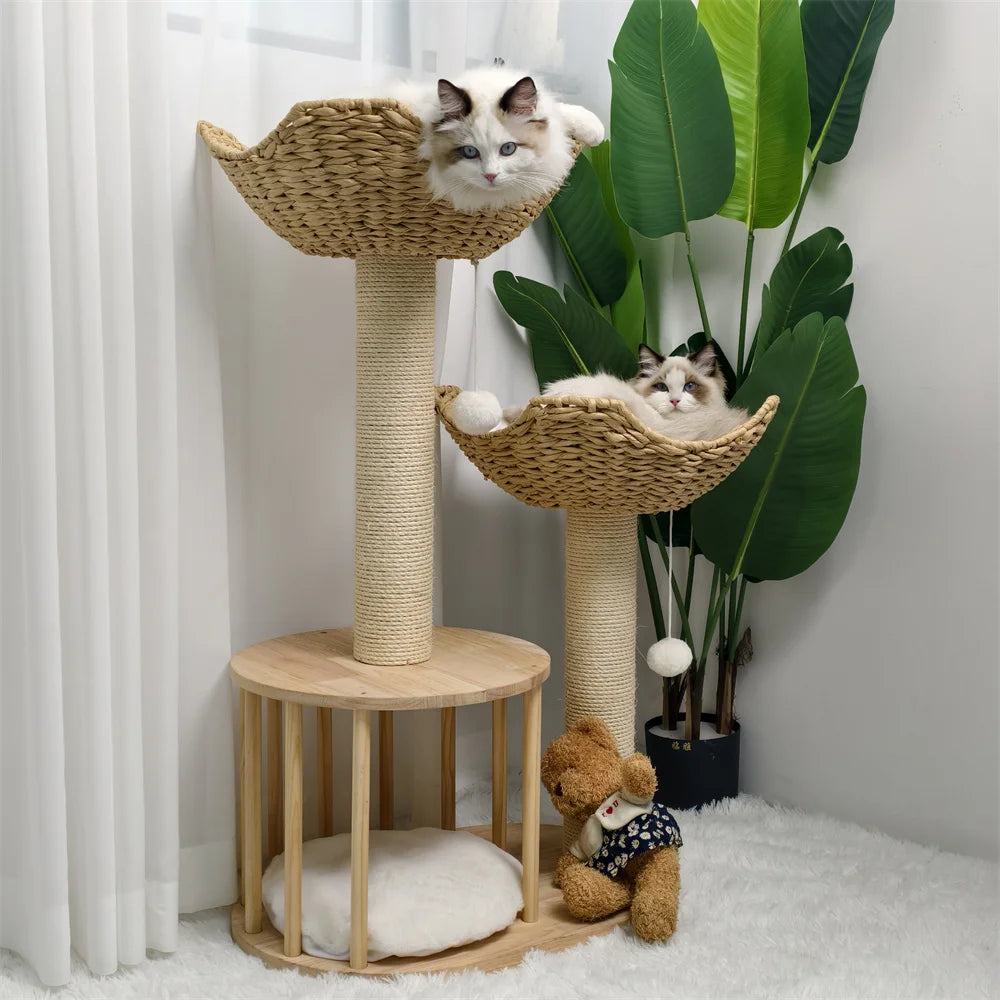 3-Tier Cat Tree Padded Plush Napping Perches Kitten Condo Sisal Rope Scratching Posts and Hanging Toy Tower for Indoor Kitties - Your Healthy Version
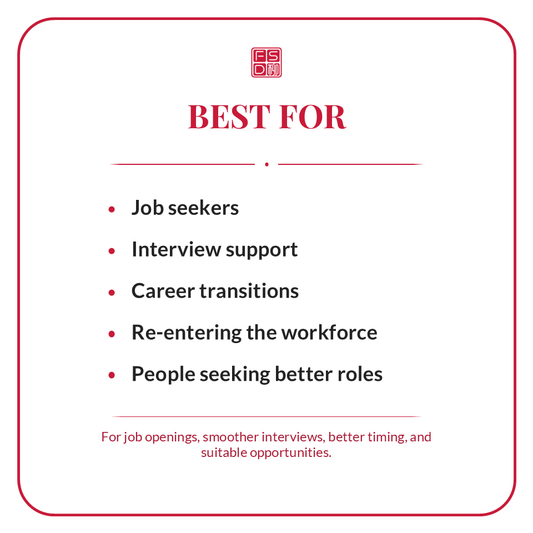 Career Opening Talisman best for job seekers, interview candidates, career changers, and people seeking better employment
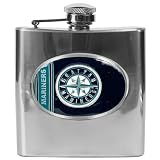 Seattle Mariners 6oz Stainless Steel Flask MLB Baseball (Available Engraved)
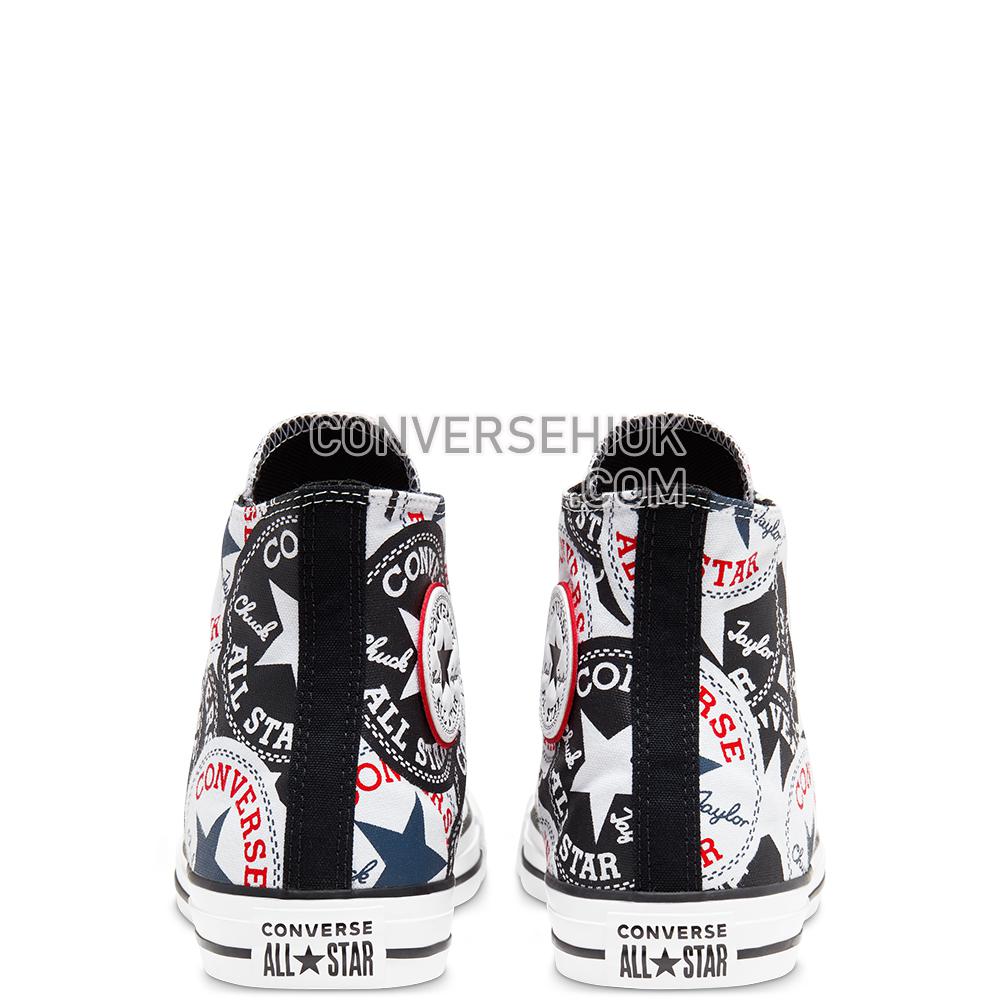 Converse Logo Play Chuck Taylor All Star High Top Black/multi/white 166985C Shoes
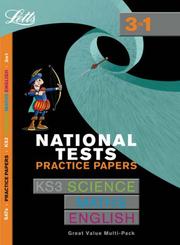 Front cover of Ks3 English,Maths and Science Practice Paper Folders by Unknown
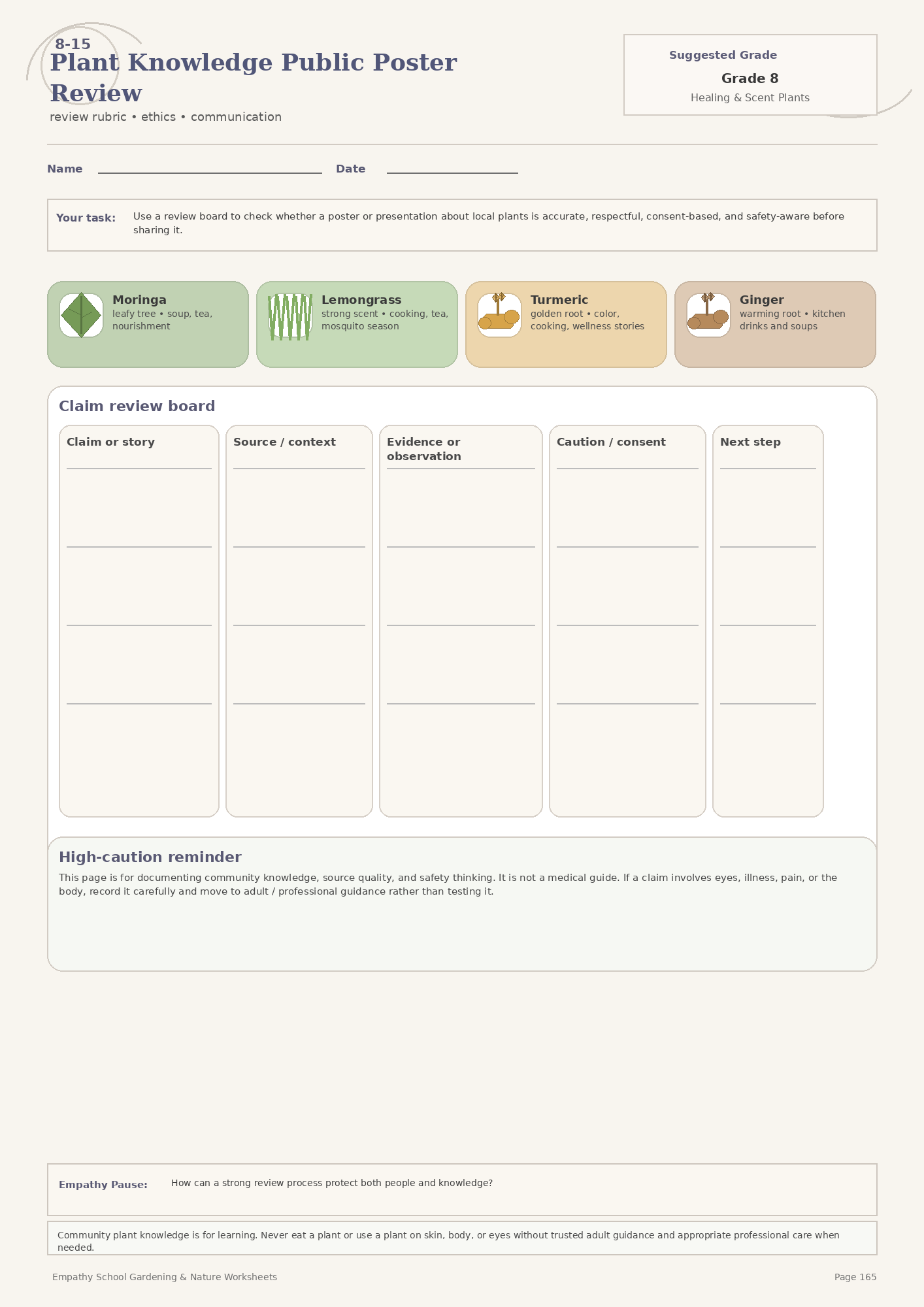 Plant Knowledge Public Poster Review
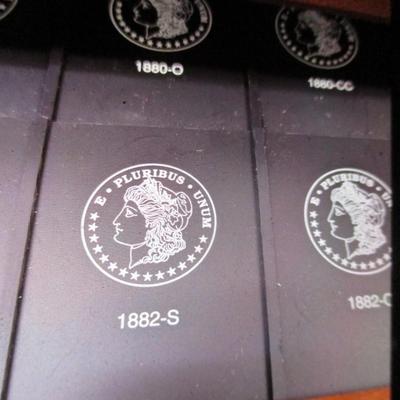 Sale Photo Thumbnail #2924: United States Silver Dollar Collection Storage Chest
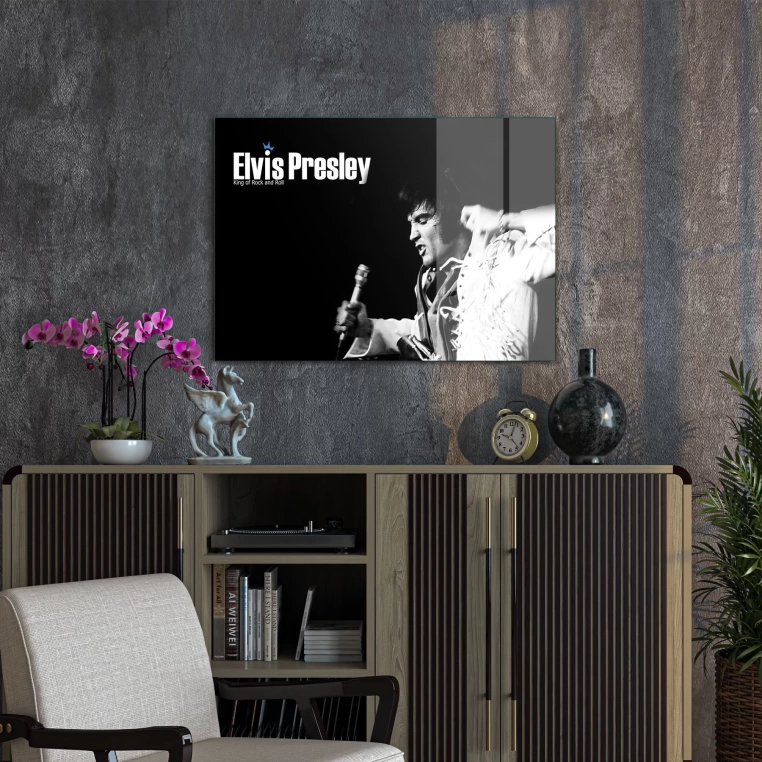 Vivantes Tempered Glass Wall Art - Elvis P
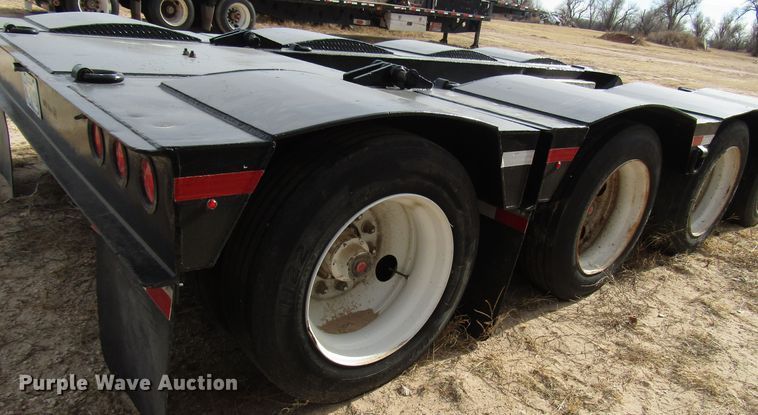 image for item DH8306 1998 Witzco RG60 lowboy equipment trailer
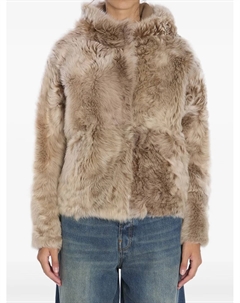 Меховая шуба, нейтральный Yves salomon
....
§ **PROBLEM**:
Although the records above contain pictures, only their text is to be repeated, exactly as given.

§ **EXPECTED ANSWER**:
 3-Tier Cat Tree Padded Plush Napping Perches Kitten Condo Sisal Rope Scratching Posts and Hanging Toy Tower for Indoor Kitties - Your Healthy Version
 Career Opening Talisman best for job seekers, interview candidates, career changers, and people seeking better employment
 Seattle Mariners 6oz Stainless Steel Flask MLB Baseball (Available Engraved)
 Converse Logo Play Chuck Taylor All Star High Top Black/multi/white 166985C Shoes
 Front cover of Ks3 English,Maths and Science Practice Paper Folders by Unknown
 Plant Knowledge Public Poster Review
 Sale Photo Thumbnail #2924: United States Silver Dollar Collection Storage Chest
 Vivantes Tempered Glass Wall Art - Elvis P
 image for item DH8306 1998 Witzco RG60 lowboy equipment trailer
 Меховая шуба, нейтральный Yves salomon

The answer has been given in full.